We live in a religiously pluralistic world, but there is only one God or one reality that lies at the heart of the cosmos. This God is not Christian, nor is this God an adherent of any religious system. All religious systems are human creation by which people in different times and different places seek to journey into that which is ultimately holy and wholly other. Until that simple lesson is heard, human beings will continue to destroy each other in the name of the “one true God.”
I can say with confidence that Jesus is the way, the truth and the life, and that I follow Jesus with confidence into the mystery of God. In his book, Many Mansions, Harvey Cox, points to Jesus as the way, but he cautions us to remember that to be a disciple of Jesus, means: “not to emulate or mimic Jesus but to follow his way to live in our era the same way Jesus lived in his era—as a sing and servant of the reign of God. To follow Jesus requires us not to choose 12 disciples or to turn water into wine but to take his life project—making the coming of God’s reign of Shalom real and immediate—our own.”
Jesus is the way the truth and the life, those of us who believe this would do well to follow Jesus his way; with grace, mercy and love. Reaching out to those who follow different ways into the divine mystery of God, not to convert them to our way, but to learn from them and to share what we have learned, so that together we can evolve into a more perfect humanity. So that together in peace, we can really begin explore the wondrous marvels of the many dwelling places in the realm of our God.

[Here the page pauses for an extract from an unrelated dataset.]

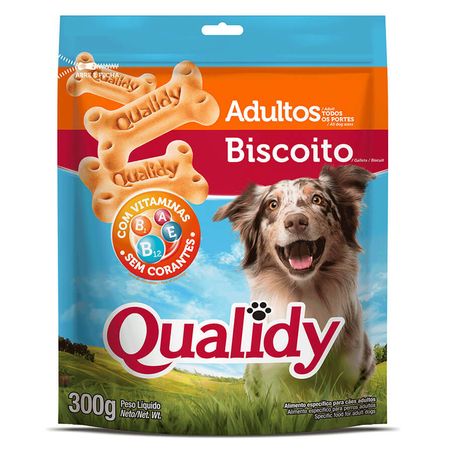 Biscoito qualidy 300g adultos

Our world is changing at a rate unprecedented in human history. The black and white answers of the past must give way to the multicolored realities of the present.

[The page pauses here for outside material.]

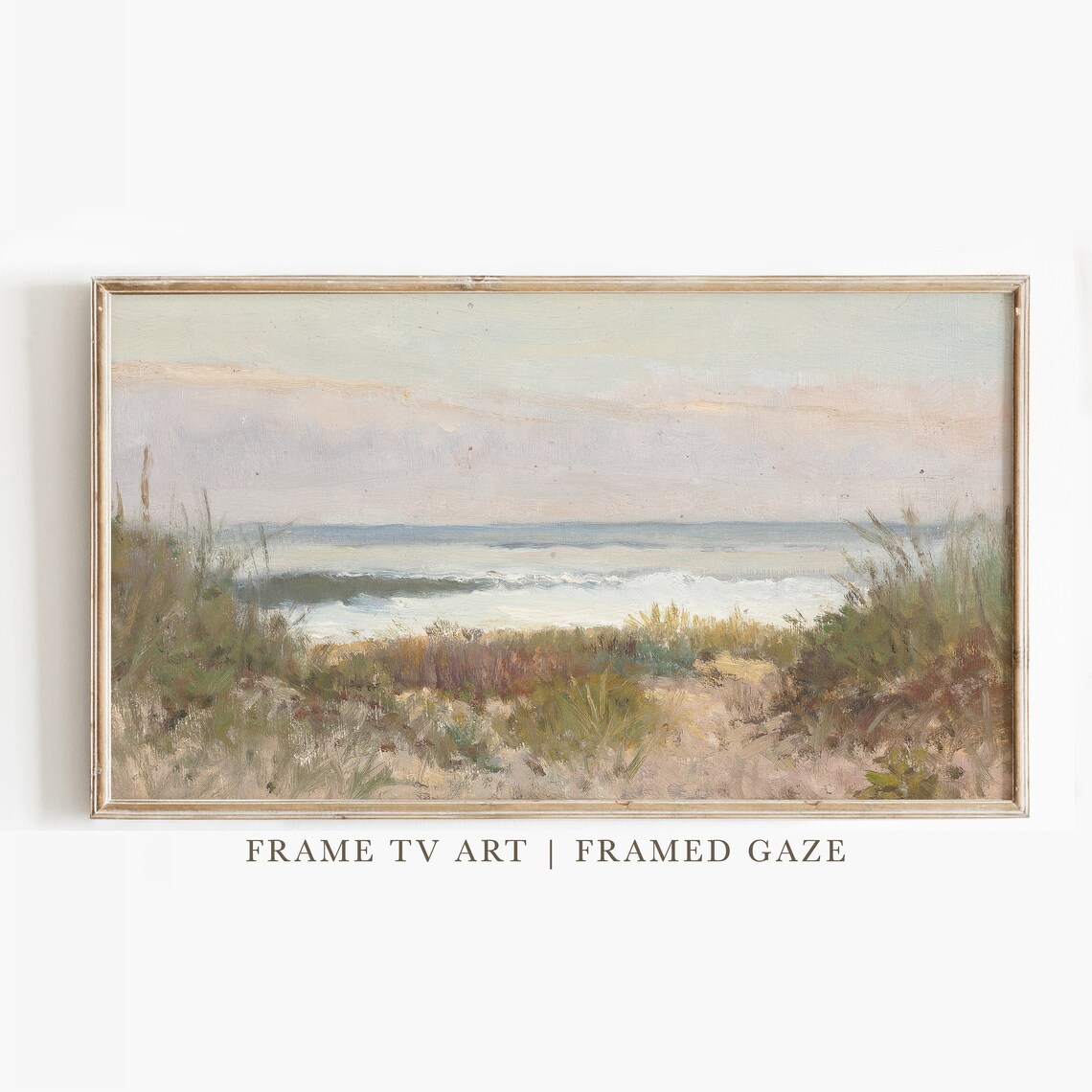 Summer Seascape Vintage Nautical Travel Poster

Those red-letter words of Jesus can and indeed must release their grip on our imaginations so that we can open ourselves to the more-than-factual, more-than-historical, more-than-metaphorical meanings of the ancient words that have been handed down to us. So, whether we read them in hues of green, orange, red, yellow, brown, blue, pink or maybe even fuchsia, aborigine or chartreuse they can open us to the reality of the One who is was and ever more shall be Love beyond the ability of our words to describe or contain. Let a rainbow of colour once more be a sign of Love’s promise to accompany us on our journey.
Once again I am indebted to the sacred trinity Spong, Crossan, and Borg for there ability to teach me to live in more vibrant hues!